Top of Given material

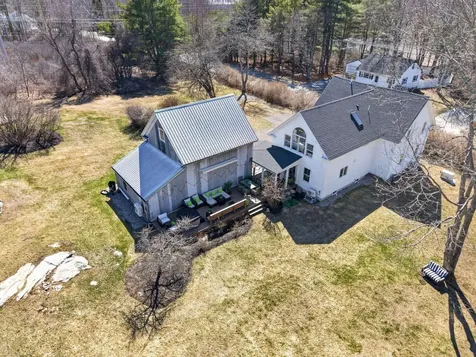 492 W Elm Street Yarmouth ME 04096
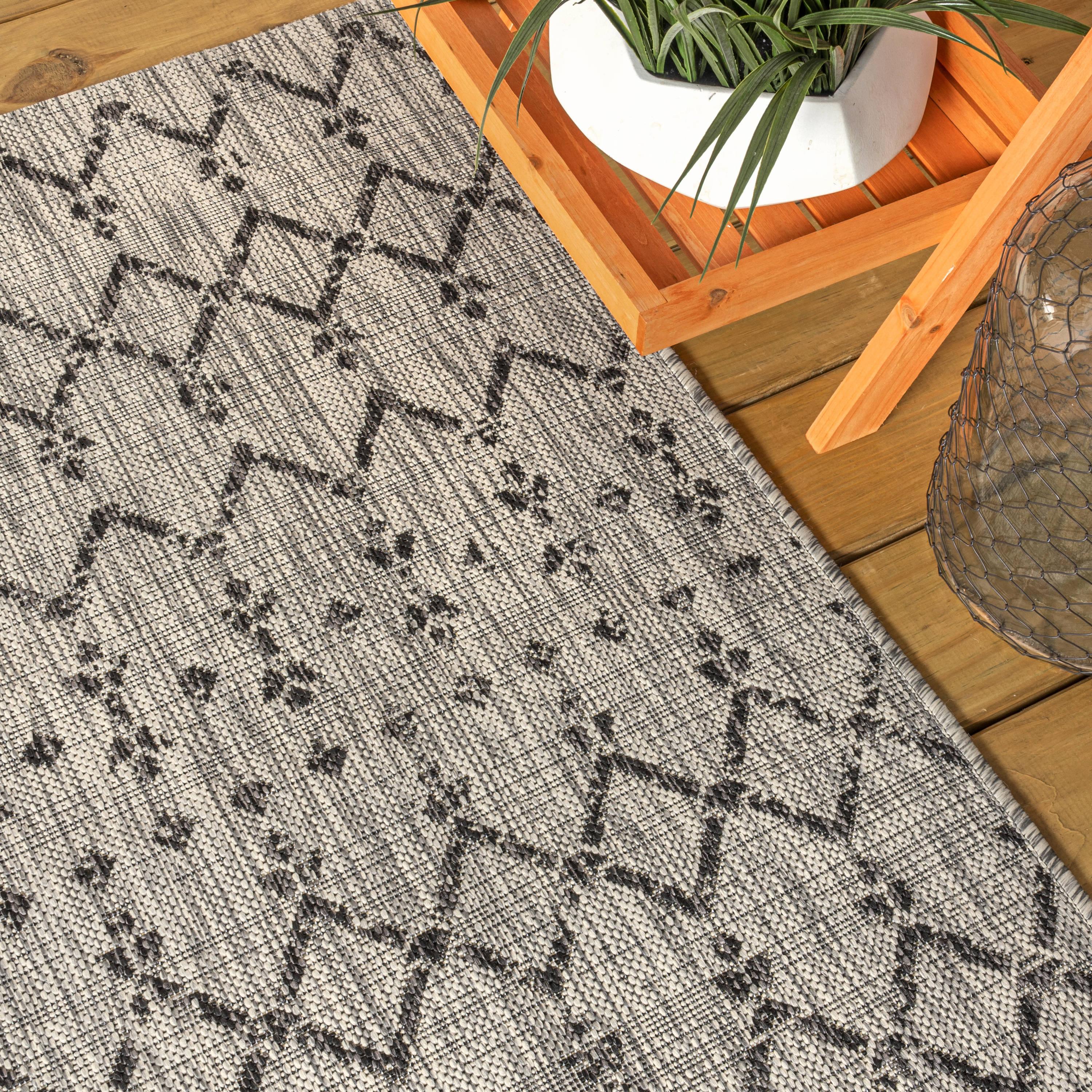 5'x8' Ourika Moroccan Geometric Textured Weave Indoor/Outdoor Area Rug, Light Gray/Black - JONATHAN Y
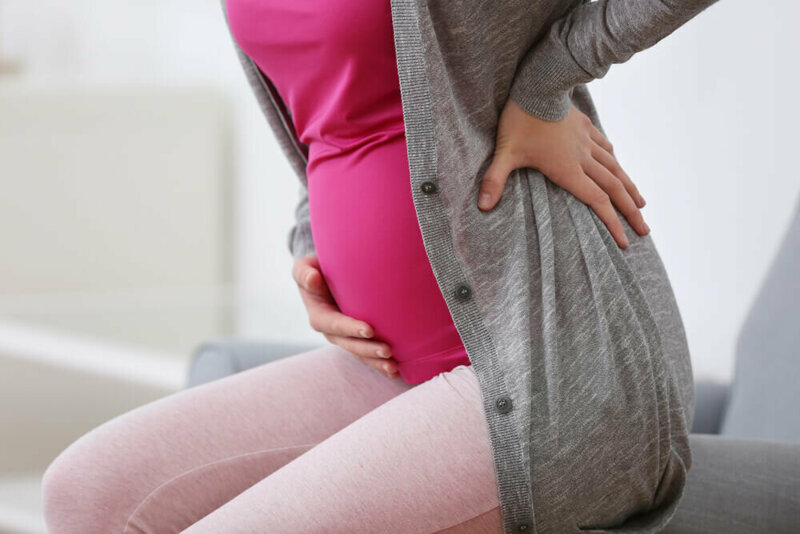Сильные и продолжительные боли в спине при беременности, в особенности на ранних сроках, могут быть признаком патологического процесса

Bottom of Given material

_The task_
The pictures in the data should be omitted, and every remaining line set down exactly.

_Exercise answer_
 492 W Elm Street Yarmouth ME 04096
 5'x8' Ourika Moroccan Geometric Textured Weave Indoor/Outdoor Area Rug, Light Gray/Black - JONATHAN Y
Сильные и продолжительные боли в спине при беременности, в особенности на ранних сроках, могут быть признаком патологического процесса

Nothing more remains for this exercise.